(Data extracts)

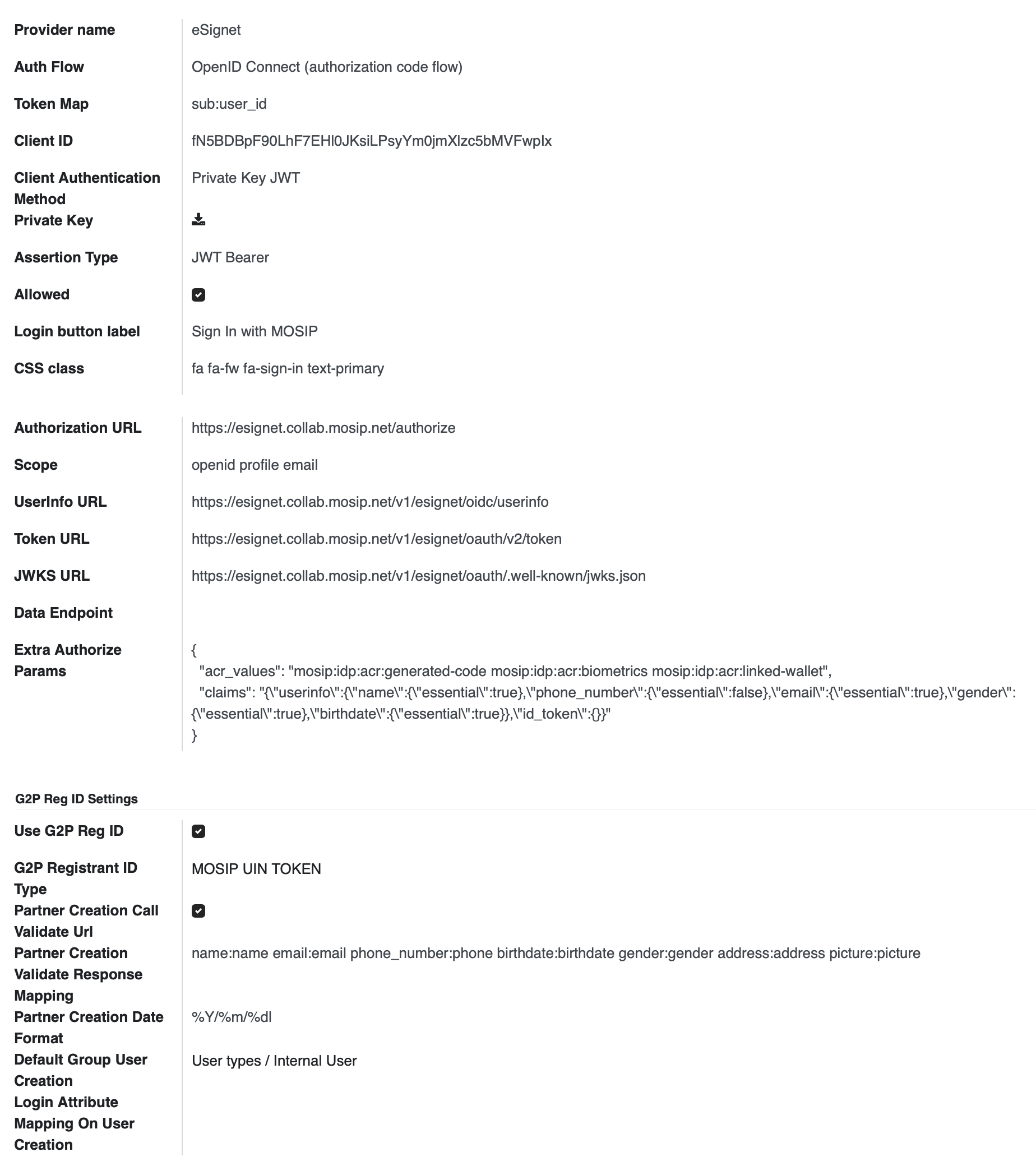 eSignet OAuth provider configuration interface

(End Data extracts)
(Data extracts)

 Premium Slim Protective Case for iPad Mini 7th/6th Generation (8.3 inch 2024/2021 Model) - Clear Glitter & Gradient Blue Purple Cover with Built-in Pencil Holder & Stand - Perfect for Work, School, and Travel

(End Data extracts)
(Data extracts)

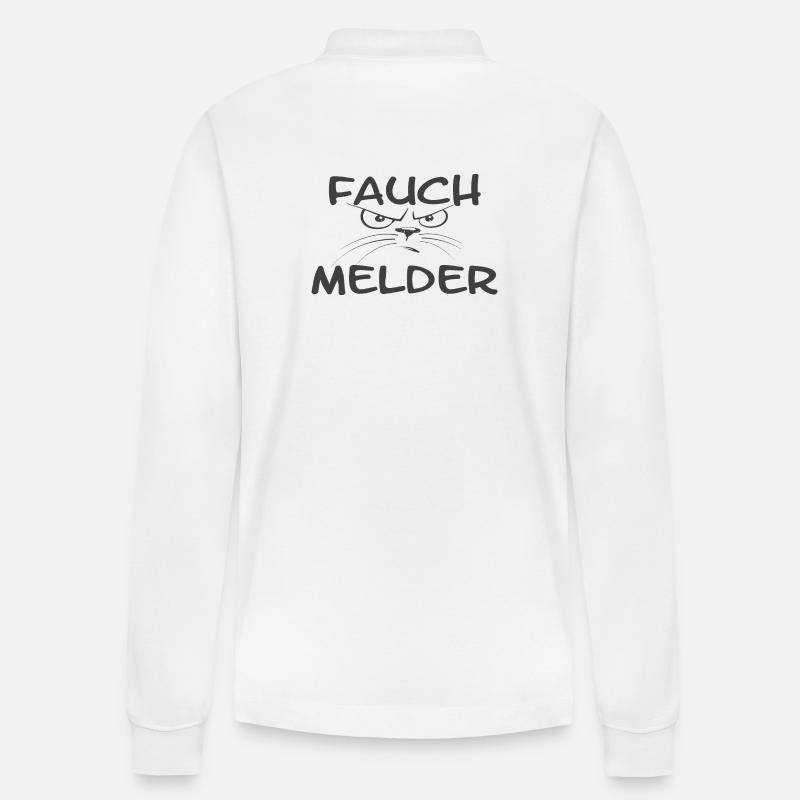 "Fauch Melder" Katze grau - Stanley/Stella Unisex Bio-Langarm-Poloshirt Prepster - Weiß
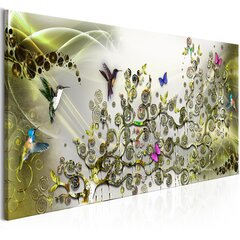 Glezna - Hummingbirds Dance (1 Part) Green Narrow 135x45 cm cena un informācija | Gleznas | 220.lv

(End Data extracts)

Work task: Take the lines above starting at the one containing "Prepster - Weiß" and ending at the one containing "Glezna - Hummingbirds", and print them again exactly, without pictures.

Exercise answer:
 "Fauch Melder" Katze grau - Stanley/Stella Unisex Bio-Langarm-Poloshirt Prepster - Weiß
 Glezna - Hummingbirds Dance (1 Part) Green Narrow 135x45 cm cena un informācija | Gleznas | 220.lv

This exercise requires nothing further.